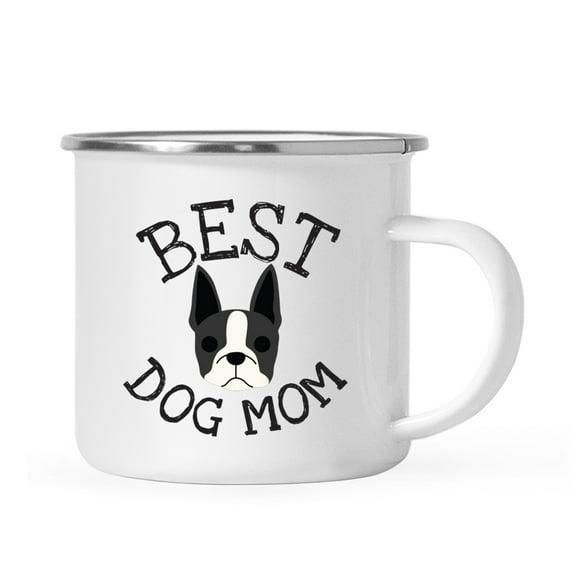 Koyal Wholesale Best Dog Mom Stainless Steel Campfire Mug Boston Terrier, Dog Graphic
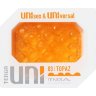 Оранжевый мастурбатор-стимулятор Tenga Uni Topaz
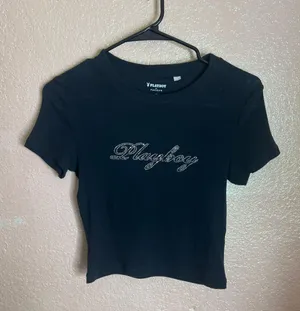 Playboy rhinestone baby tee thumbnail 1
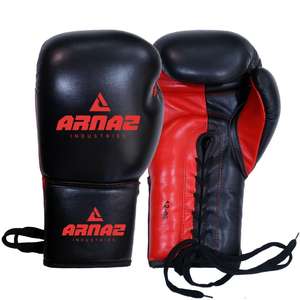 High Quality Boxing <b>Gloves</b> with <b>Laces</b> in Different Sizes, Colors and Customized logo at Wholesale Price - Product Image 2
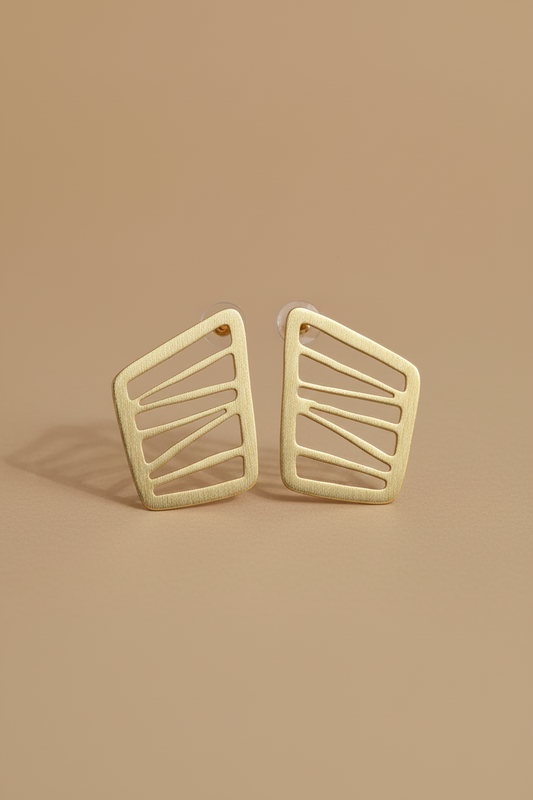 Tejvi Radiance 18K Gold-Plated Brass Earrings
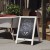 Flash Furniture HGWA-CB-3020-WHWSH-GG Canterbury 30" x 20" White Wash Wooden A-Frame Magnetic Indoor/Outdoor Freestanding Double Sided Chalkboard Sign addl-1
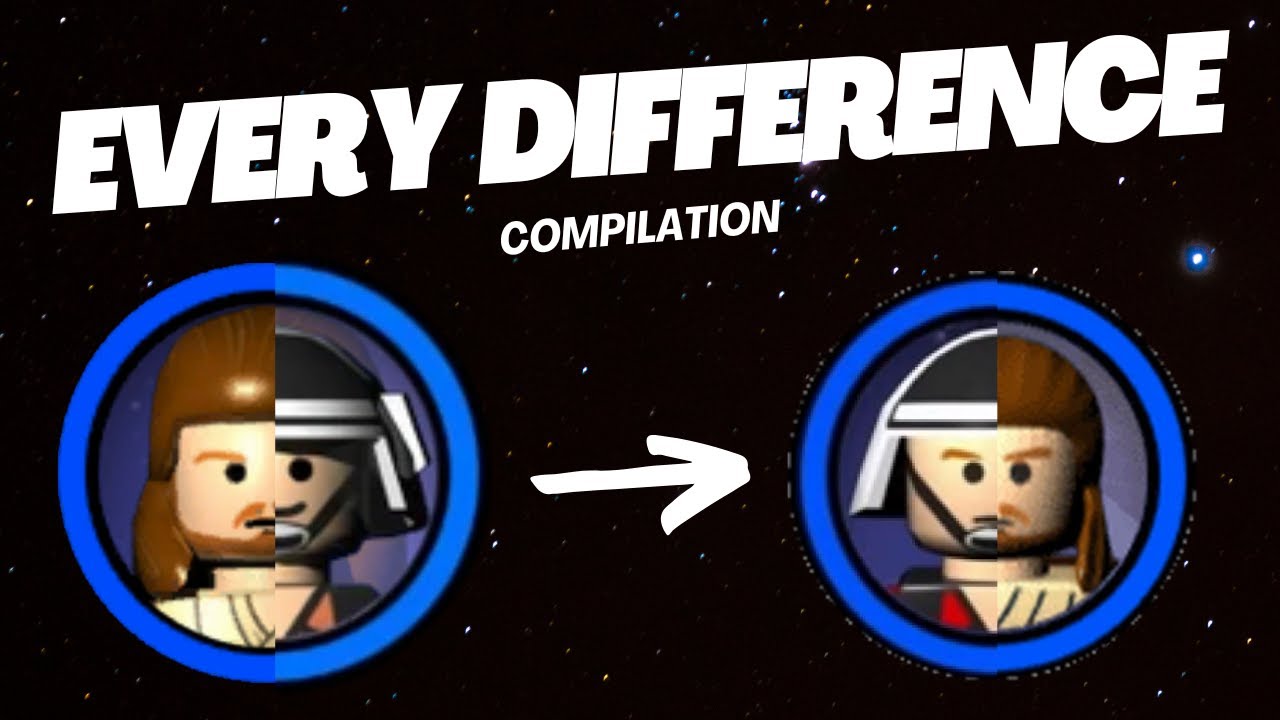 Все отличия в Lego Star Wars: Полная подборка саги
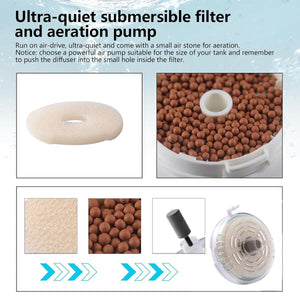 Aquarium Filter Special Mini Small Tank Filter Circle for Freshwater or Marine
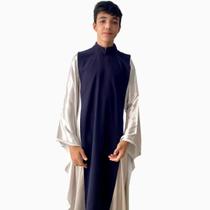 Beca para Coral Prata com Cola Jabô Azul Marinho Beca para Coral Prata com Cola Jabô Azul Marinho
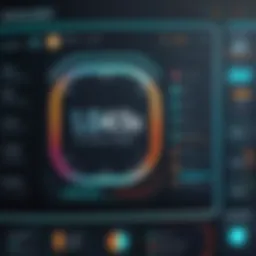 Visual representation of a computer activity tracker interface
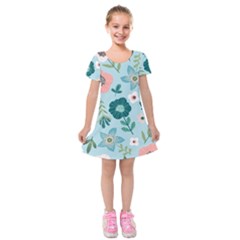 Flower Kids  Short Sleeve Velvet Dress from Custom Dropshipper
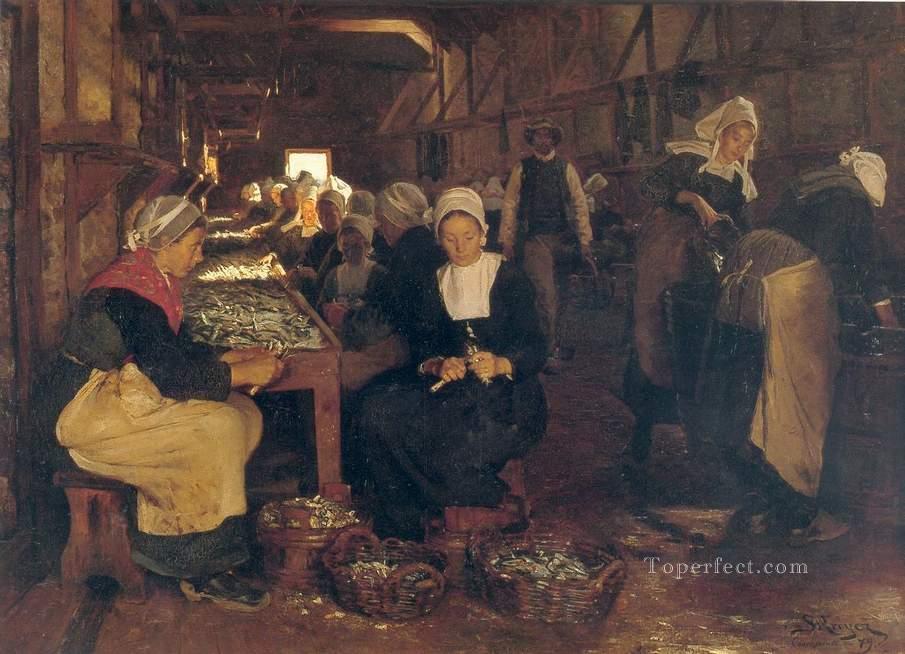 Mujeres en Concarneau 1879 Peder Severin Kroyer Oil Paintings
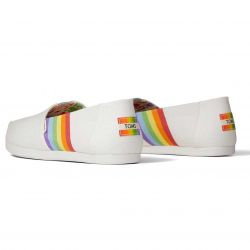 Toms - White Unity Rainbow Alpargata, vegane Schuhe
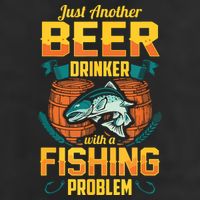 Just Another Beer Drinker With A Fishing Problem Garment-Dyed Fleece Hoodie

**HOW TO COMPLETE THIS TASK**
Set down every record above exactly as it stands, but skip the pictures.

**WRITTEN RESPONSE**
 Koyal Wholesale Best Dog Mom Stainless Steel Campfire Mug Boston Terrier, Dog Graphic
 Оранжевый мастурбатор-стимулятор Tenga Uni Topaz
 Playboy rhinestone baby tee thumbnail 1
 High Quality Boxing <b>Gloves</b> with <b>Laces</b> in Different Sizes, Colors and Customized logo at Wholesale Price - Product Image 2
 Tejvi Radiance 18K Gold-Plated Brass Earrings
 Flash Furniture HGWA-CB-3020-WHWSH-GG Canterbury 30" x 20" White Wash Wooden A-Frame Magnetic Indoor/Outdoor Freestanding Double Sided Chalkboard Sign addl-1
 Все отличия в Lego Star Wars: Полная подборка саги
 Aquarium Filter Special Mini Small Tank Filter Circle for Freshwater or Marine
 Beca para Coral Prata com Cola Jabô Azul Marinho Beca para Coral Prata com Cola Jabô Azul Marinho
 Visual representation of a computer activity tracker interface
 Flower Kids  Short Sleeve Velvet Dress from Custom Dropshipper
 Mujeres en Concarneau 1879 Peder Severin Kroyer Oil Paintings
 Toms - White Unity Rainbow Alpargata, vegane Schuhe
 Just Another Beer Drinker With A Fishing Problem Garment-Dyed Fleece Hoodie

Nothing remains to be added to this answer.